- Opening Delimiter -

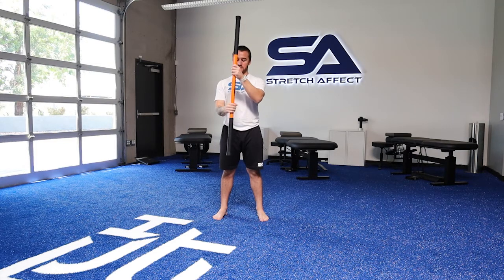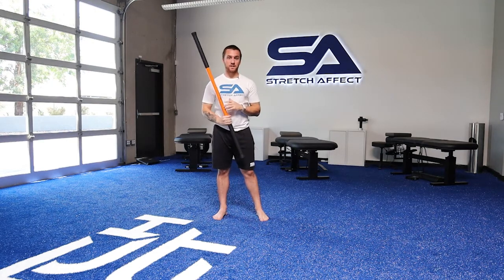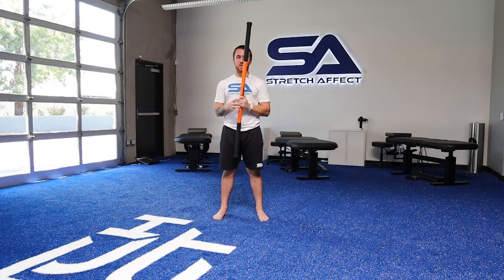If you want to increase the difficulty, slide that hand a little bit lower — now you've got less leverage. Everything else is the same, working back and forth. If you want to make it a little bit easier, slide yourself down the other way. It's going to be a little more challenging in one direction because you have less leverage going that way. You can vary the difficulty of the movement by where you put your hand on the stick.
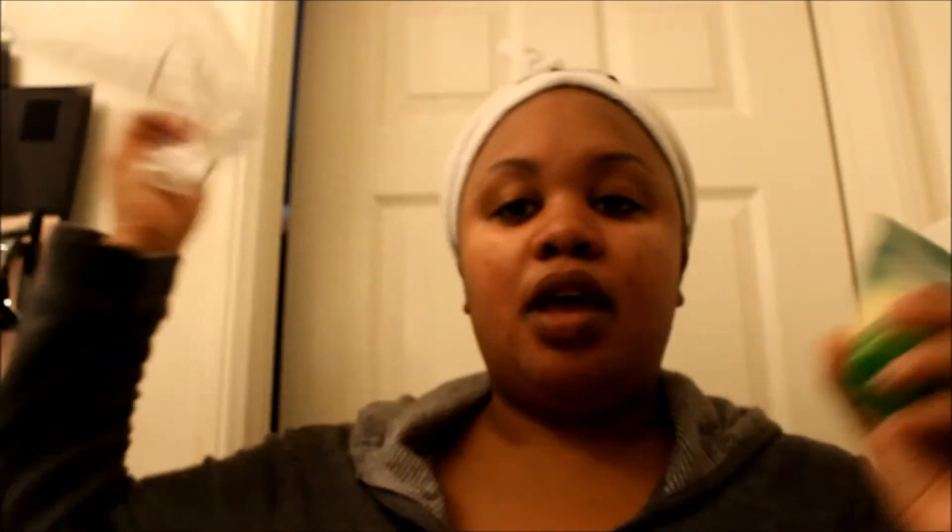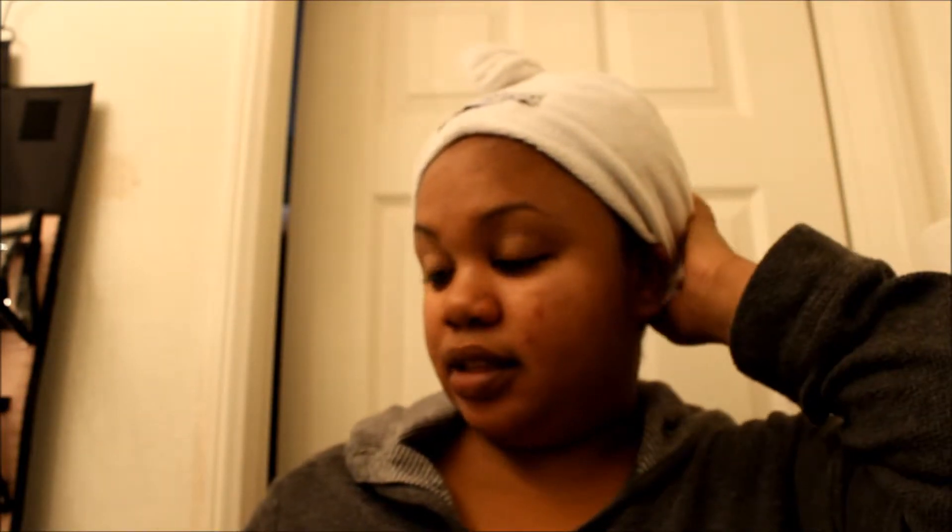Quick note: I forgot to mention that after you put the Garnier treatment on and comb it through, you leave it on for three minutes. Just use another clean shower cap, put it on top, go ahead and wash the rest of your body, and by the time you're done it'll be time to rinse it out. After you rinse that out, get out of the shower, dry your hair with the same cloth I mentioned in part one — you don't have to buy another one — then wrap it up in your turban, let it get to about 75% dry, and then you can finish the rest of your regimen.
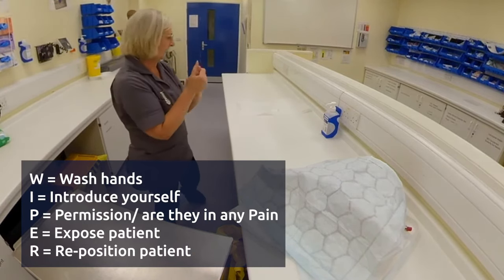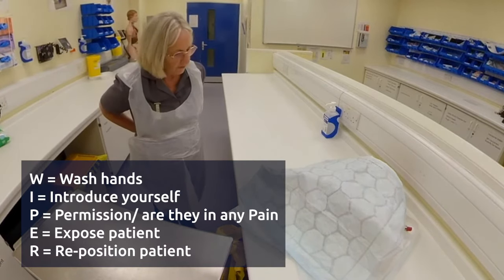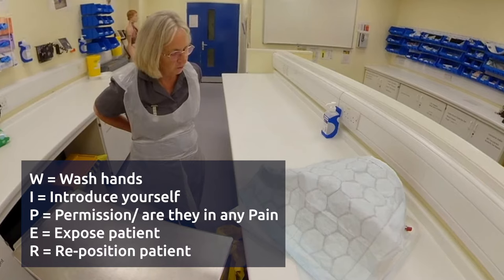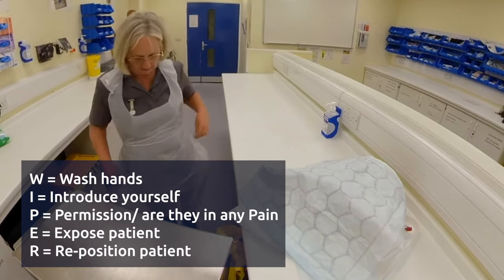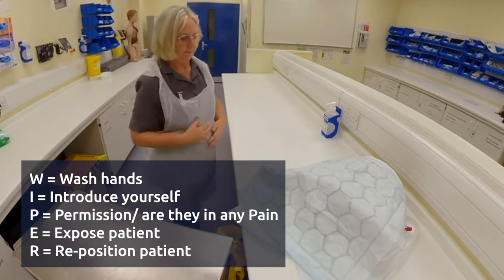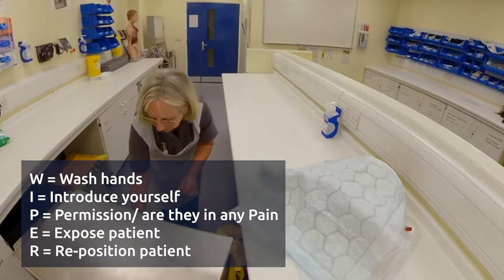I'm just going to gel my hands and pop my apron on. So having a catheter is just a small tube which is going to go into your bladder. It should help relieve some of those symptoms. And then I'm just going to open up my dressing pack.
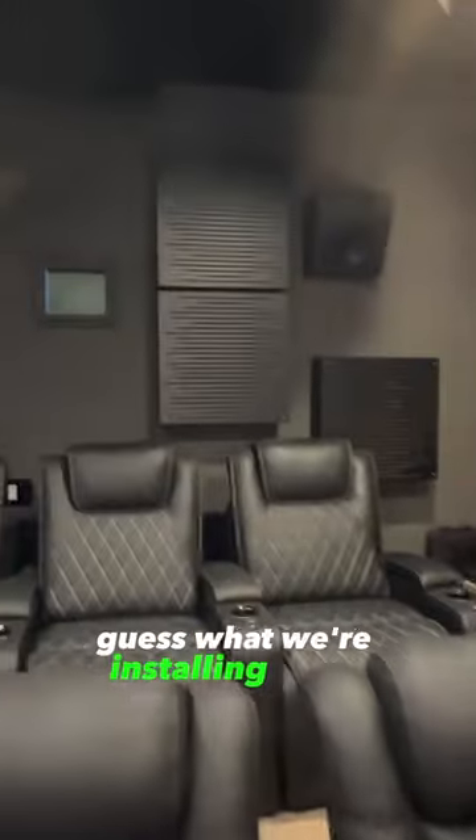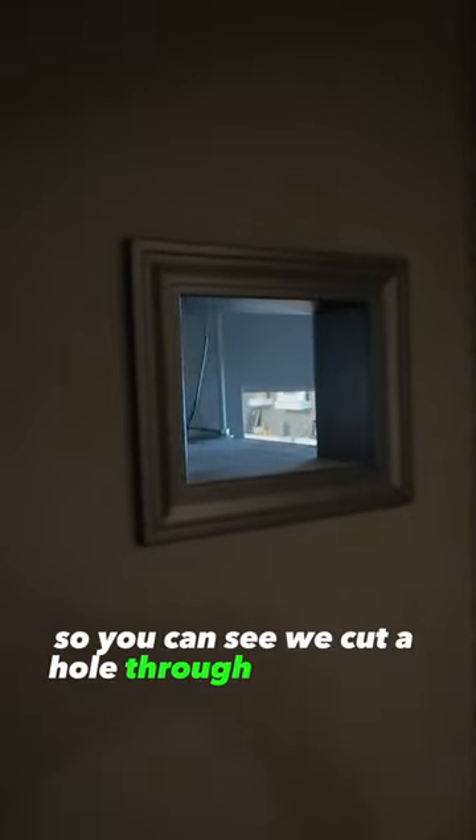We're in the theater room — we're installing the new NZ8. Here you can see we cut a hole through right there that goes to my daughter's bedroom.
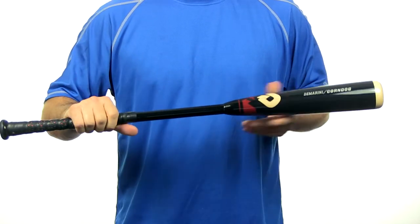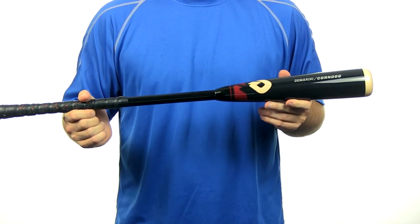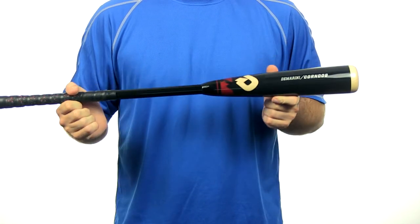It has a composite handle with a maple wood barrel and comes with a full 3 month manufacturer's warranty. It also features free shipping. So get this bat today at JustBats.com and don't forget, from click to hit.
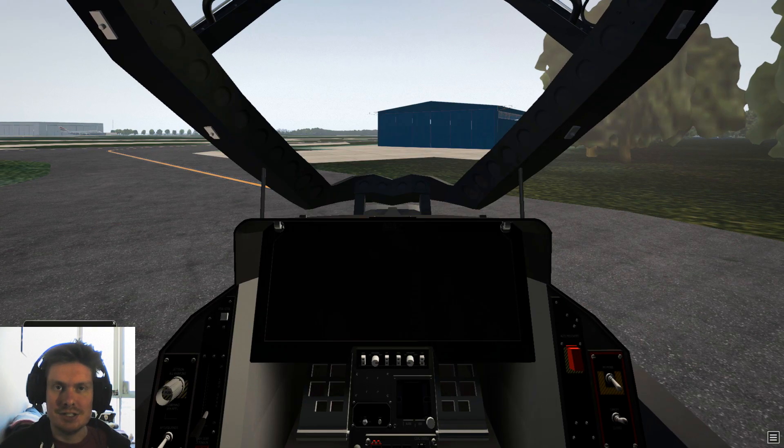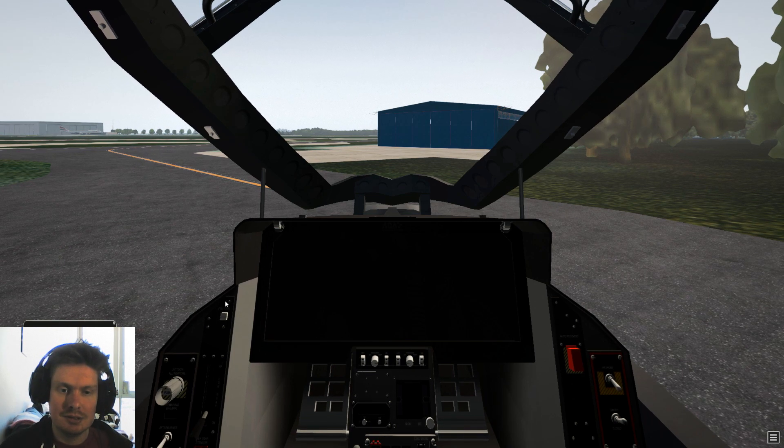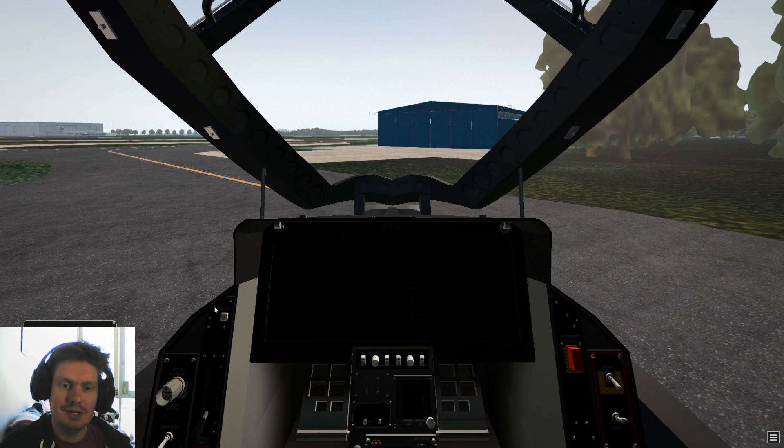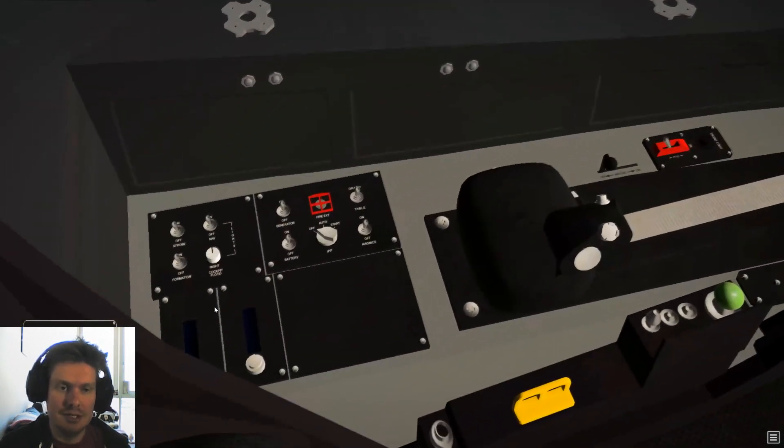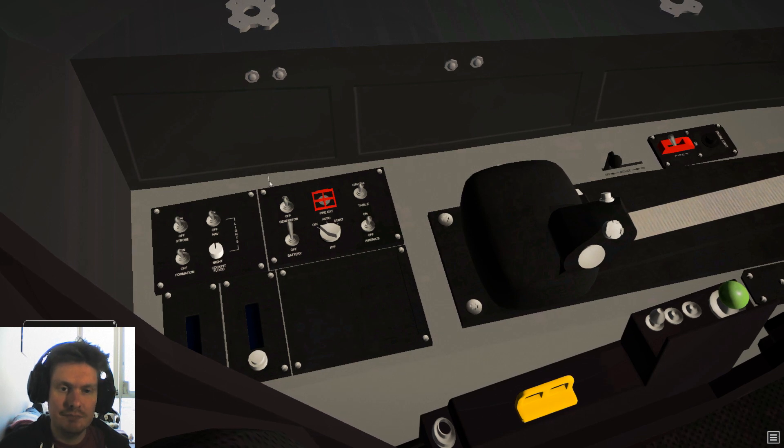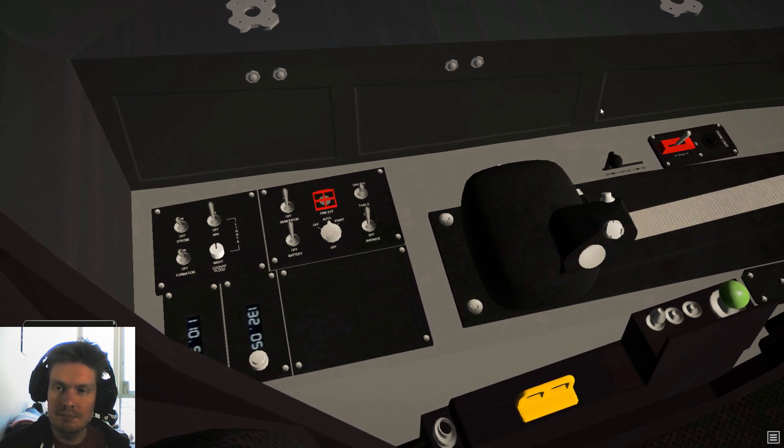Our plane is in its cold and dark configuration, so let's get it started up. Just behind my head the plane gives you a very useful checklist, and it goes something like this: batteries, APU, avionics, generators, nav lights, turn the fuel on over here, and start the engines.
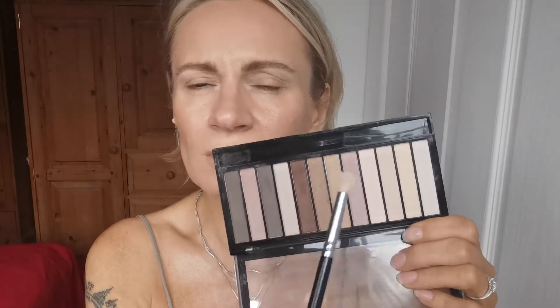Now I'm going to use a slightly smaller brush and go with this color — it's this one. I think the colors in the palette look different on camera than in real life. It's like the fourth shade from the lightest, and I'm going to go slightly above the crease and do a little bit of a wash with the slightly smaller brush. I'm going to do the same on the other eye, just like that, around just above the crease.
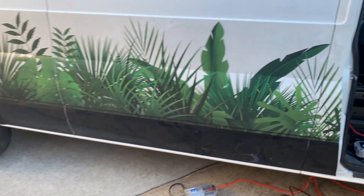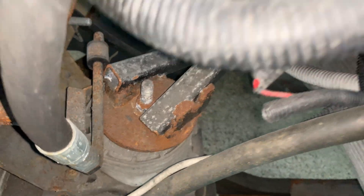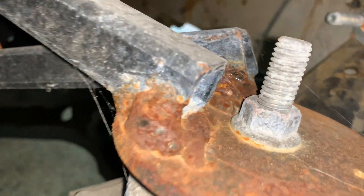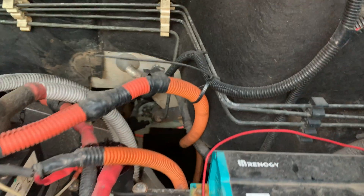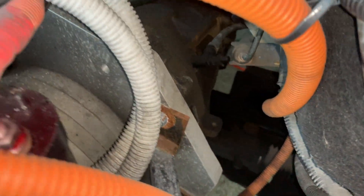If you've got any further information or know anything about this car or the components on it, let me know. There are a couple of people in Brisbane who have already seen some photos from a live feed and reached out with information. I'd love to know what the conversion cost of this vehicle was — and if I find that out before I release the video, I'll use it as clickbait in the title.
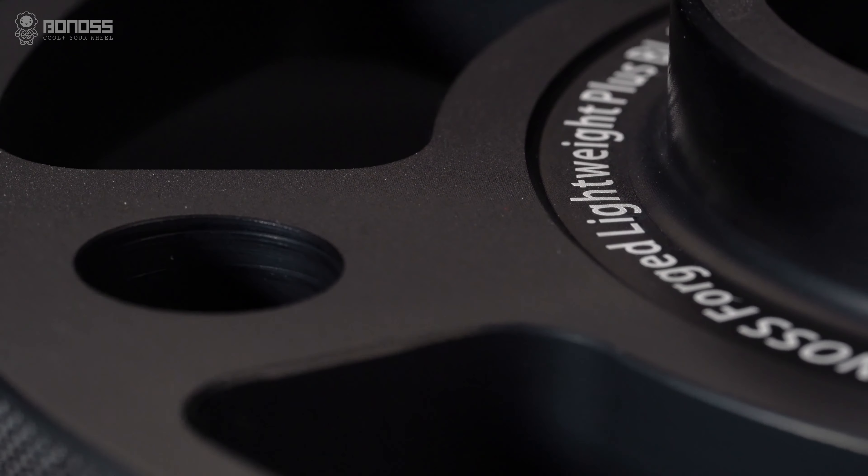Lightweight Plus. The bonus Forge Lightweight Plus viewspacer is further upgraded and optimized for weight based on the common viewspacer — we call it Lightweight Plus. Under the premise of ensuring safety and reliability, it effectively reduces weight and energy consumption loss, improves control performance, and achieves a balance between high performance and environmental protection. The hollow design makes the whole spacer lighter while ensuring safety. Compared with the previous product before the upgrade, the weight is reduced by about 20% on average, and the lightweight effect is more direct.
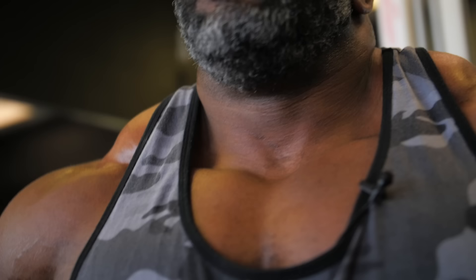Hey, IFBB Pro Johnny O. Jackson here. I'm known for my traps more than any other body part. I'm gonna give you two exercises that I think is pertinent to grow big, thick, and awesome traps like I have.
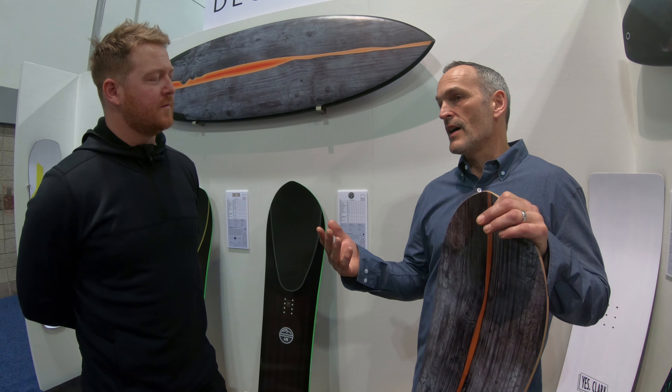It's basically all about surface area. On the 152, if you measure the surface area of the P-TEX, you're more in the range of a traditional 162. So it has a lot of float — you're just redistributing it and pulling it closer to your feet.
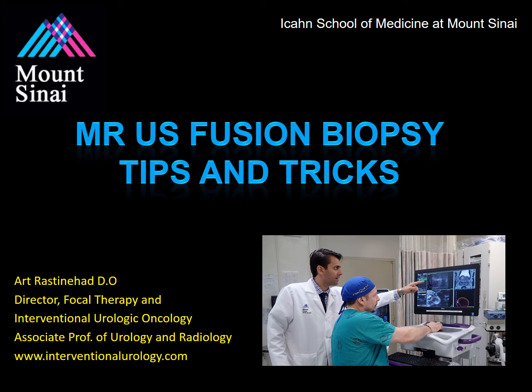Hello, my name is Dr. Art Rastenhad, and today I'll be discussing MR Ultrasound Fusion Guided Biopsies. I'll provide an overview of how the technology works and basic tips and tricks.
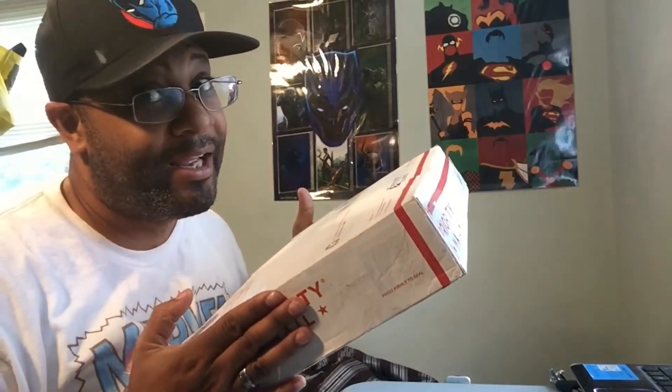Alright people, I got mail today, and you know what that means — unboxing dance, unboxing dance, unboxing dance. Okay, let's get started.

- Closing Delimiter -

**Problem requirements**
Emit the lines of the material exactly, from its first line to the line containing "Quick note: I", inclusive; leave every picture out.

**Answer to this problem**
If you want to increase the difficulty, slide that hand a little bit lower — now you've got less leverage. Everything else is the same, working back and forth. If you want to make it a little bit easier, slide yourself down the other way. It's going to be a little more challenging in one direction because you have less leverage going that way. You can vary the difficulty of the movement by where you put your hand on the stick.
Quick note: I forgot to mention that after you put the Garnier treatment on and comb it through, you leave it on for three minutes. Just use another clean shower cap, put it on top, go ahead and wash the rest of your body, and by the time you're done it'll be time to rinse it out. After you rinse that out, get out of the shower, dry your hair with the same cloth I mentioned in part one — you don't have to buy another one — then wrap it up in your turban, let it get to about 75% dry, and then you can finish the rest of your regimen.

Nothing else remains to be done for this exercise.